Claire: The baby's sleeping like a baby.
Claire: Well, if you need me, I'm on the next plane.
Danny: Oh, thank you mom!
D.J.: Bye, grandma
Danny: Bye, mom
Claire: Oh, my angels! Goodbye, sweetheart
Stephanie: Goodbye, grandma.
DJ & Stephanie: Bye.
Danny: Bye. OK, are we gonna have fun or what? Hey, hey, hey, let's see some smiles there. Everything is gonna work out super great. Your uncle Jesse's moving in, my best friend Joey's moving in, and you know what, that means you two are going to be roommates. Is that exciting?.
Stephanie: I can wear all of DJ's clothes!
DJ: Do I have to share my room with her?
Danny: Come on, DJ, it's just like havin' a slumber party
DJ: Yeah, but with only one guest, who never leaves.
Jesse: Hey, hey, look alive, Uncle Jesse's here!
- Jesse: Then, I happen to wander into the show "Razzle Dazzle '87", much better than "Razzle Dazzle '86" by the way, and I see this incredible show girl Vanessa right?, all eyes meet, Baboom!

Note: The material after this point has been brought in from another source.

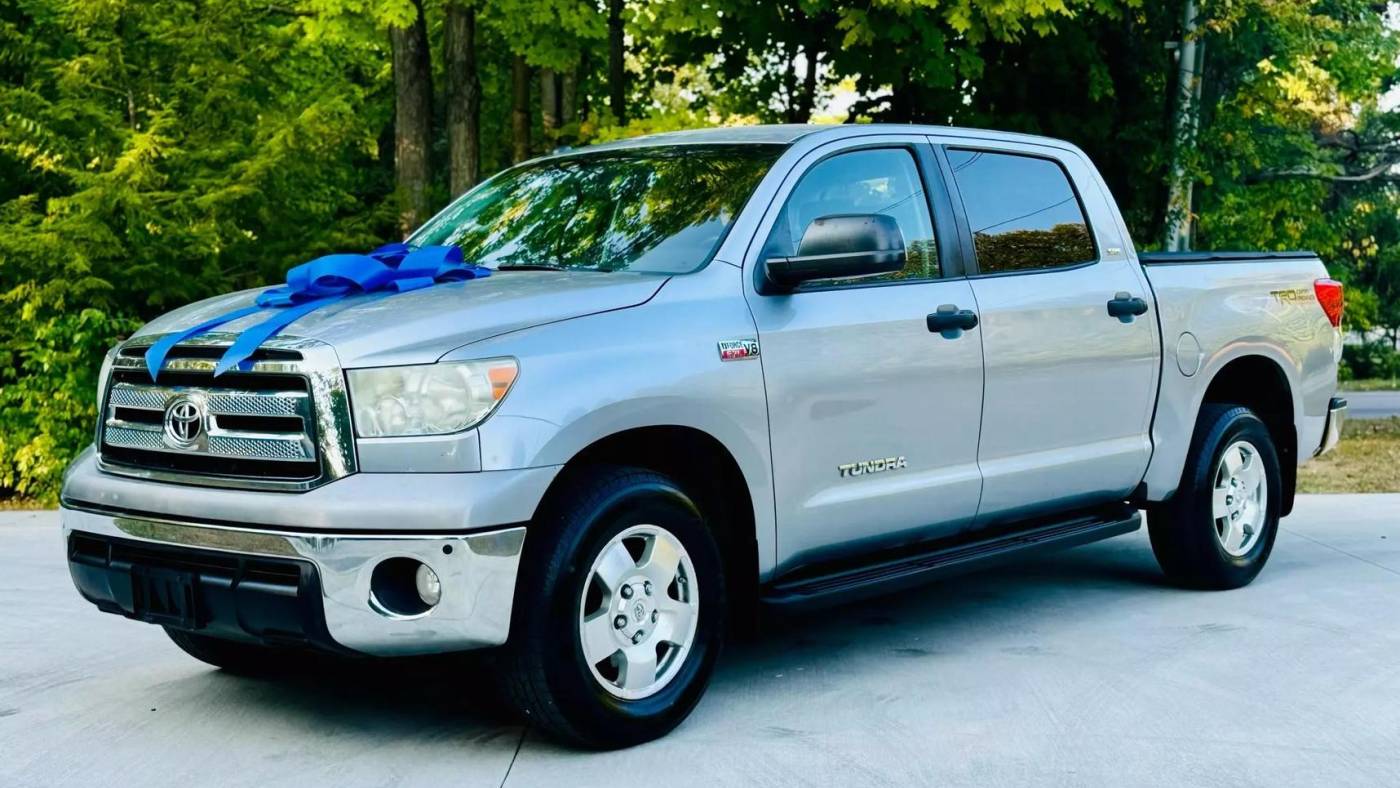 2010 toyota tundra grade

This lighting show of passion right?
- Stephanie: Uncle Jesse, let's play ballerina!
Jesse: Uncle Jesse doesn't want to play ballerina!
Stephanie: Yes, he does.
Jesse: No, he doesn't.
Stephanie: Yes he does.
Jesse: No, he doesn't!
Stephanie: (puppy dog face) Yes, he does!
Jesse: How do you play ballerina.
Jesse: Okay, that was fun.
Stephanie: You need practice, we'll do this every day.
- Joey: Where do we put the baby?
Jesse: Where do we put the child?
Joey: Uh, the pot, over here!
Jesse: Oh, whoa, whoa, whoa, whoa, whoa! Joey, this is a living thing you just don't stick it in the pot. Use a meat rack.
Joey: I'm an idiot!
Stephanie: Are you gonna cook Michelle?
Joey: We're changing her diaper.
Stephanie: Oh, then how do you roast a turkey?
Jesse: Steph, Joey and I are busy, Joey strip her. Alright, careful you're in control, alright slide it off and...
Joey & Jesse: Ugh!
Jesse: Good thinkin' Joey, keep it fresh.
Joey: All right, hold her up, and I'll clean her off.
Jesse: Good idea, Joey, come on, Michelle, come on. You're missing! You're missing! you're missing! Alright, now gently, now gently, now gently, there we go! This is great, we should be mothers!
Joey: Oh, yeah!
Jesse: Alright, now let's dry her off, fan her.
Joey: Fan her fanny, fan her fanny. You know what babies haven't made, I would kill for this kind of service!
Stephanie: Not bad, but next time try these.
Jesse: Steph, why didn't you wait 'til now to give us the diapers?
Stephanie: Nobody asked me!
Our Very First Night
- Jesse: Alright, you can have ice cream and chocolate milk, no cookies!
The First Day of School
- Kimmy: I'll sit anywhere you want, as long as it's not near Arthur Wilcox.
DJ & Kimmy: Arthur Wilcox?, Ewww!
Stephanie: Who's Arthur Wilcox?
DJ & Kimmy: Ewww!
DJ: Steph, please, Kimmy and I are talking about school.
Stephanie: So am I, what if I walk into class wearing a goofy outfit, and everyone says, Stephanie Tanner?, Ewww!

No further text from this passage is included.